La secuencia de intentos de reconexión al mundo no ha sido esa, de modo que se torna aún más necesaria una baja de impuestos a corto plazo y mucho más profunda que la de las reformas aprobadas a fin de 2017. Exige una baja drástica del gasto público, y no sólo en transferencias, compensado con nuevo gasto (aunque menor) en programas de reinserción laboral. Esto, a su vez, sólo tiene futuro con una estrategia exportadora inteligente y efectiva.
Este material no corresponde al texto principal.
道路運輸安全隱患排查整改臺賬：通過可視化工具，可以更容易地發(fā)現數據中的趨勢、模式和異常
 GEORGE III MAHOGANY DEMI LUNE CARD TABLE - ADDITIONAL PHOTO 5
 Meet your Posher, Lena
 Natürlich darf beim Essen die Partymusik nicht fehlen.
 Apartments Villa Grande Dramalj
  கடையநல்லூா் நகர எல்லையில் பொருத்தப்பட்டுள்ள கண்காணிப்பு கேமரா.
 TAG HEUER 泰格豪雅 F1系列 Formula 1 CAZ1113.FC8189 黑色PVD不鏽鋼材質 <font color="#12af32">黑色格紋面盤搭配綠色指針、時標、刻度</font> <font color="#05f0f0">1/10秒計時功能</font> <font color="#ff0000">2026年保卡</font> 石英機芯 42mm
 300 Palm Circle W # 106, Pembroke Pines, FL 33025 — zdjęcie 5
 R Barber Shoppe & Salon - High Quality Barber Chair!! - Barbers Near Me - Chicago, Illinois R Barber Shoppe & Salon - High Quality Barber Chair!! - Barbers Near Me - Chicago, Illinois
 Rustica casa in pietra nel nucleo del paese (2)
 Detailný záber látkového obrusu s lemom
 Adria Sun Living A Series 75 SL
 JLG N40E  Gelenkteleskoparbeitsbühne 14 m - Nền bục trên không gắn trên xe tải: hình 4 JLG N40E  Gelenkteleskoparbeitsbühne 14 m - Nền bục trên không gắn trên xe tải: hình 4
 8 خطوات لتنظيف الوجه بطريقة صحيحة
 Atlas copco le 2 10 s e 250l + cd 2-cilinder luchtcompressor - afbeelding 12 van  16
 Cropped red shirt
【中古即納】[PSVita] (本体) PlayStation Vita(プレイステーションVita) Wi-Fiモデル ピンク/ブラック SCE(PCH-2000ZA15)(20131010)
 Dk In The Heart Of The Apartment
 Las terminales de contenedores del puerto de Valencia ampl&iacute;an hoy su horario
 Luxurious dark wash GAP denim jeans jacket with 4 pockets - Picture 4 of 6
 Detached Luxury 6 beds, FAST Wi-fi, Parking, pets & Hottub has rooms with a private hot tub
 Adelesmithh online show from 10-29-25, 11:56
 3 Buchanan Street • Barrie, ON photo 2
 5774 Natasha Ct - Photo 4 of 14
Lleva tiempo, pero la alternativa es el mercadointernismo de bajo vuelo de 2008-2015. Los resultados son bien claros.

 

La tarea no es fácil. Exige reformas en varios frentes: gasto público (nivel, y eficiencia del mismo), impuestos nacionales, sobrecostos burocráticos, impuestos provinciales, tasas municipales, regulaciones de mercados, y todo en línea con una política monetaria, cambiaria y de ingresos coherente con ese programa de reformas. Una tarea difícil, con potenciales ganadores y no pocos perdedores, que harán todo lo posible para que no se hable del tema. Pero tarde o tarde o temprano algo habrá que hacer. Al menos si es que realmente se tiene la intención de revertir de una buena vez el decepcionante desempeño de la economía argentina de las últimas ocho décadas.